Lady Clementine leaned to observe the guest list. She shook her head crossly. ‘It’s an absolute crime. That’s what it is. A dreadful inconvenience. England’s best seed left to rot on godforsaken French fields, while her young ladies are left high and dry, nary a dance partner between them. It’s a plot, I tell you. A German plot.’ Her eyes widened at the possibility. ‘To prevent England’s elite from breeding!’

‘But surely you know someone we could ask, Clem? You’ve proven yourself quite the matchmaker.’

‘I counted myself lucky to find that fool of Fanny’s,’ Lady Clementine said, rubbing the powdery rolls of neck beneath her chin. ‘It’s a great shame Frederick never took an interest. Things would have been a lot simpler. Instead, I had to scrape the barrel’s bottom.’

‘My granddaughter is not to have a husband from the barrel’s bottom,’ Lady Violet said. ‘This family’s future depends upon her match.’ She gave a distressed sigh which became a cough, shuddering through her thin frame.

‘Hannah will do better than poor simple Fanny,’ Lady Clementine said assuredly. ‘Unlike my charge, your granddaughter is blessed with wit, beauty and charm.’

‘And no inclination to use them,’ Lady Violet said. ‘Frederick has indulged those children. They’ve known too much freedom and not enough instruction. Hannah in particular. That girl is full of outrageous notions of independence.’

‘Independence…’ Lady Clementine said with distaste.

‘Oh, she’s in no hurry to be married. Told me as much when she was in London.’

‘Indeed.’

‘Looked me straight in the eyes, maddeningly courteous, and told me she didn’t mind a bit if it was too much trouble to launch her into society.’

‘Impudence!’

‘She said a ball would likely be wasted on her as she had no intention of going into society even when she was of an age. She said she finds society…’ Lady Violet closed her eyes. ‘She finds society dull and pointless.’

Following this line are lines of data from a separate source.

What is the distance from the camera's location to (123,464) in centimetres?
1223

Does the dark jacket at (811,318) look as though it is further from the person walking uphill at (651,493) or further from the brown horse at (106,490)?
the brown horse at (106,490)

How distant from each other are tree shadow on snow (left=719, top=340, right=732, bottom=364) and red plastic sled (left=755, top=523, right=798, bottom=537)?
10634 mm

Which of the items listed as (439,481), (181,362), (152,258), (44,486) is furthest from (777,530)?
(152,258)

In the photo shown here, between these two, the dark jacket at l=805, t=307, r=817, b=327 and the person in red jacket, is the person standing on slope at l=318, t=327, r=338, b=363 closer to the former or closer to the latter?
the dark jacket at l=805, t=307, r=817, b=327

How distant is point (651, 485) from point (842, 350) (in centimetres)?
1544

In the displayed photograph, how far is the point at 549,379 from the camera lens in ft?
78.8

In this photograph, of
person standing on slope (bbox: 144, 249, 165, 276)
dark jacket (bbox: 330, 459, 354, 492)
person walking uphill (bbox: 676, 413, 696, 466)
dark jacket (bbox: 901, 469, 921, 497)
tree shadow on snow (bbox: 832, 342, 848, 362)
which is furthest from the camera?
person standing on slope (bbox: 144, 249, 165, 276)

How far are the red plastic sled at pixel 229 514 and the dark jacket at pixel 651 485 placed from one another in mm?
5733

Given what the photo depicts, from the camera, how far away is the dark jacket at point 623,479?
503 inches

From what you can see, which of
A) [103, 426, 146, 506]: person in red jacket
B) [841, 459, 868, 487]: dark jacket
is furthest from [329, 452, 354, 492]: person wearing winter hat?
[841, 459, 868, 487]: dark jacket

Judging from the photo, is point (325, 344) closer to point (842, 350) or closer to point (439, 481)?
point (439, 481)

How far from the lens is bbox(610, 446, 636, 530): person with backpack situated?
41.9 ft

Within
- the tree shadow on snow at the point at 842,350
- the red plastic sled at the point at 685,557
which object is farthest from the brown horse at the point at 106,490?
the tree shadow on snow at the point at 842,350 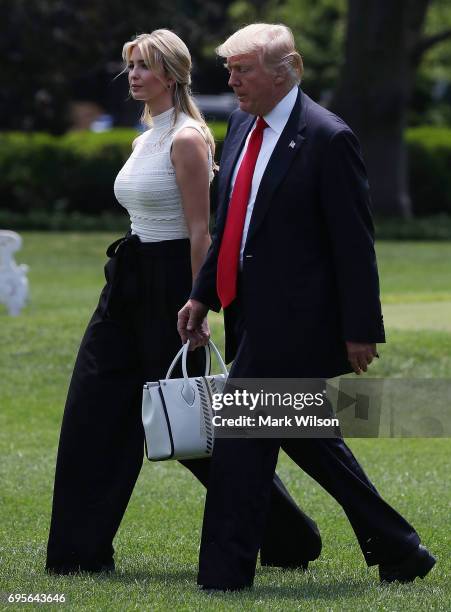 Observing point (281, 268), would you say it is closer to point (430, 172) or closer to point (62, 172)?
point (430, 172)

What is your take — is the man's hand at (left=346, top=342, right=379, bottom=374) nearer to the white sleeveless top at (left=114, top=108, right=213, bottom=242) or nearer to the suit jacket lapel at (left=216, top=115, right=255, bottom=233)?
the suit jacket lapel at (left=216, top=115, right=255, bottom=233)

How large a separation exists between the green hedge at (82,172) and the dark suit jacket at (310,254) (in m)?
23.4

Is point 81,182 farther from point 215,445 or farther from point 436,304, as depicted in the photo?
point 215,445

Lady Clementine gasped. ‘She didn’t.’

‘She did.’

‘But what does she propose to do instead? Stay here in her father’s home and become an old maid?’

That there could be another option was beyond their ability to conceive. Lady Violet shook her head, despair bringing a sag to her shoulders.

Lady Clementine, perceiving that some amelioration of spirits was called for, straightened and patted Violet’s hand. ‘There, there,’ she said. ‘Your granddaughter is still young, Violet dear. There’s plenty of time for her to change her mind.’ She tilted her head to the side. ‘I seem to remember you had a touch of the free spirit at her age. You grew out of it. Hannah will too.’